### [Dataset entries]
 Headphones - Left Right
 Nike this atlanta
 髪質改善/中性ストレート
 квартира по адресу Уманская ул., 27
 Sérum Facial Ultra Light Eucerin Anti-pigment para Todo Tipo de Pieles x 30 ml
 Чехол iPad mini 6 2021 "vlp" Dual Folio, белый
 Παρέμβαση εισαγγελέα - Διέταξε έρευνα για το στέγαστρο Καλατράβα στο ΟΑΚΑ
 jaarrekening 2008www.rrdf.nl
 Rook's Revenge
==
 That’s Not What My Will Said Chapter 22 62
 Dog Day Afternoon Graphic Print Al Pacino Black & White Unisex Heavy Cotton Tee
---
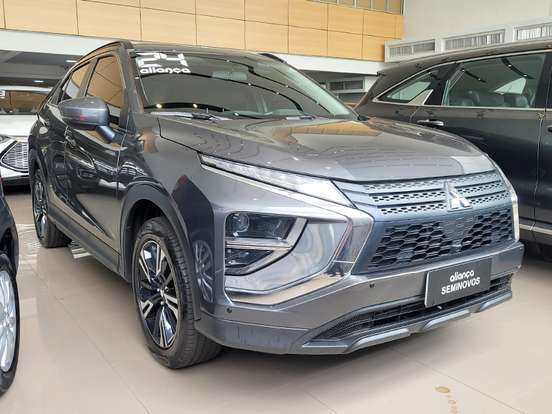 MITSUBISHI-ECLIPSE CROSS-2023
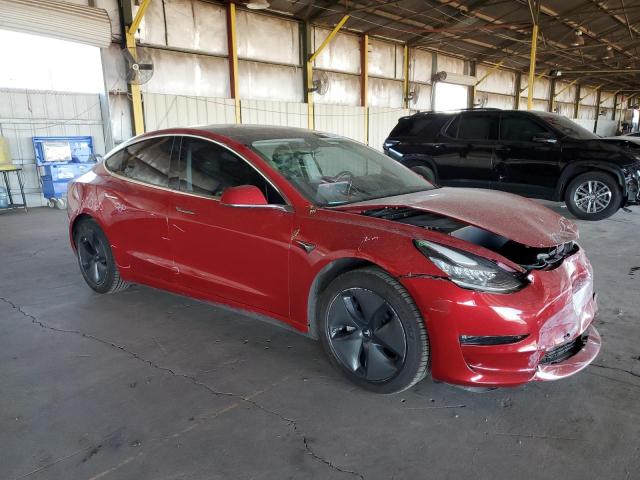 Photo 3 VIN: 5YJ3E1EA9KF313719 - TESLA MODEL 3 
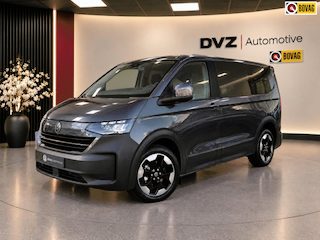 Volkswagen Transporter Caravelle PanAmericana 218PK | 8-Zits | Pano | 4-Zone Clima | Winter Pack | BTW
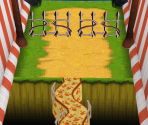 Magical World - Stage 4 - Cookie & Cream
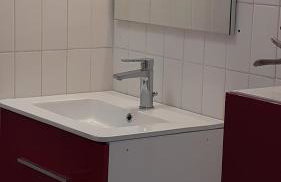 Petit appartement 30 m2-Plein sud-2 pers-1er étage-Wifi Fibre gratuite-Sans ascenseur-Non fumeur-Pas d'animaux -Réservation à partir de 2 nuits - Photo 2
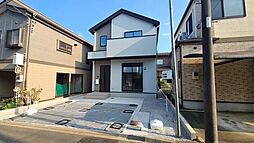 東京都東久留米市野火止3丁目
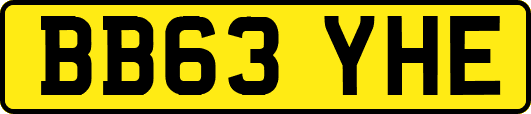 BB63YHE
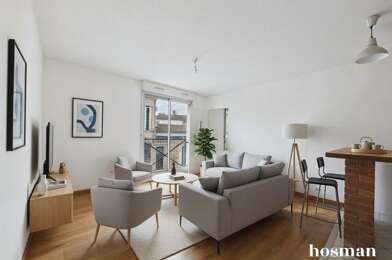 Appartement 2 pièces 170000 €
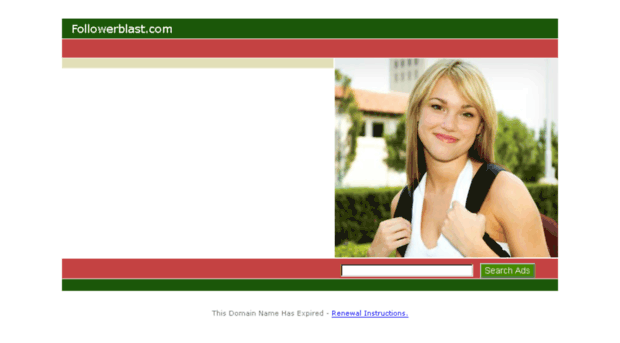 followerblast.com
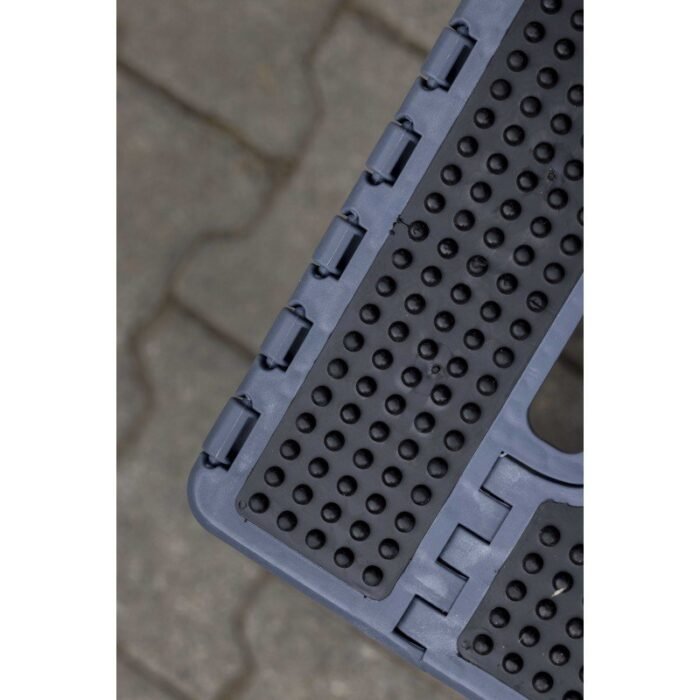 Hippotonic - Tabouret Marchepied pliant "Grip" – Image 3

### [Activity]
The copy should hold only the lines from the one with "followerblast.com" through the one with "Hippotonic - Tabouret", exactly as they stand above. Leave out the pictures.

### [Response area]
 followerblast.com
 Hippotonic - Tabouret Marchepied pliant "Grip" – Image 3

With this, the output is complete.